In two of the 10 cases, inspectors visited the homes in the Los Angeles region this week and found sex offenders living at addresses where children were regularly present, said John A. Wagner, director of the California Department of Social Services.

In both cases, children were removed and no evidence of abuse had been found, though Mr. Wagner said that "we'll continue to interview those children." In the other eight cases, all but one in Southern California, the inspectors found sex offenders at the addresses, but no children present.

The inspections were made after a state audit, requested by state lawmakers last year, found 49 instances in which registered sex offenders had listed addresses in a state law enforcement database that matched those of licensed day care centers or foster homes.

Lawmakers reacted to the report with concern.

"In most cases, you have a lady who wants to have day care out of her home, and she can advertise, and people can drop their kids off," said Anthony Adams, a Republican assemblyman who asked for the audit with Assemblywoman Fiona Ma, a Democrat. "But maybe her brother or her husband or her uncle are offenders and living there, too."

The report did not indicate whether the sex offenders had been convicted of crimes involving children or adults. The Social Services Department said the 10 suspended homes had violated state licensing law, which requires day care and foster care licensees to disclose anyone living at the sites and to submit to criminal background checks.

Gordon Hinkle, a spokesman for the Department of Corrections and Rehabilitation, said that his office had investigated three cases of paroled sex offenders whose addresses matched child care facilities and that in only one case did an offender had access to children.

Released from prison four years ago, the unidentified offender was living with his 80-year-old mother, who was a foster parent, but was relocated as a precaution after the corrections officials reviewed the state audit, Mr. Hinkle said.

In another case, corrections officials found that the address had previously been classified as day care, but was no longer operating.

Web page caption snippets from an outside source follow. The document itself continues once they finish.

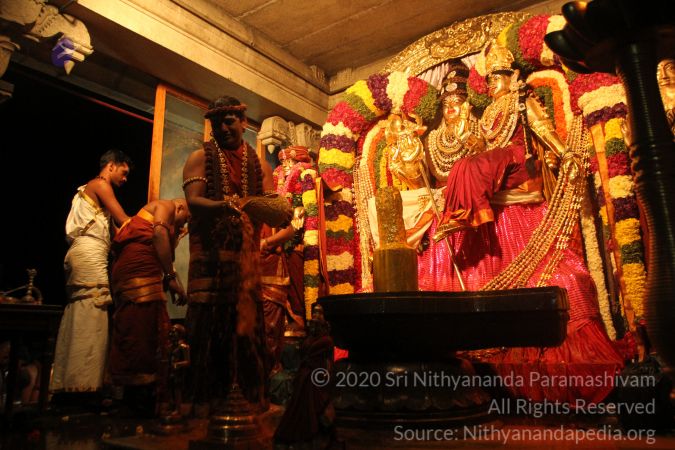 20150219 Photo 1396 1xMYyPzJaI5nuLGOcMNCX410i7Ei95iXK.JPG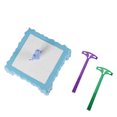 thumbnail image 4 of Don't Break the Ice Preschool Game, Board Games for Kids Ages 3 and Up, Kids Games, 4 of 10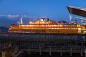 statenislandferry-christopherpostlewaite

The audit, which also found instances of sex offenders living together in violation of state law, shed light on the complex and often overlapping problems of housing sex offenders, who are often limited by state law as to where they can live.

A 2006 state law prohibits sex offenders from living within 2,000 feet of a school or public park. Even as the audit was made public on Thursday, the state's sex offender management board reported that the number of transient sex offenders has increased 50 percent since August.

Suzanne Brown-McBride, the chairwoman of the board, said although the audit was worrying, it was important to check the accuracy of the findings "before we start running through and making huge policy changes."

Ms. Brown-McBride added that although no one wanted sex offenders living near a day care center, "we should not only be identifying the inappropriate places for these people to be living. We should be identifying the appropriate places, too."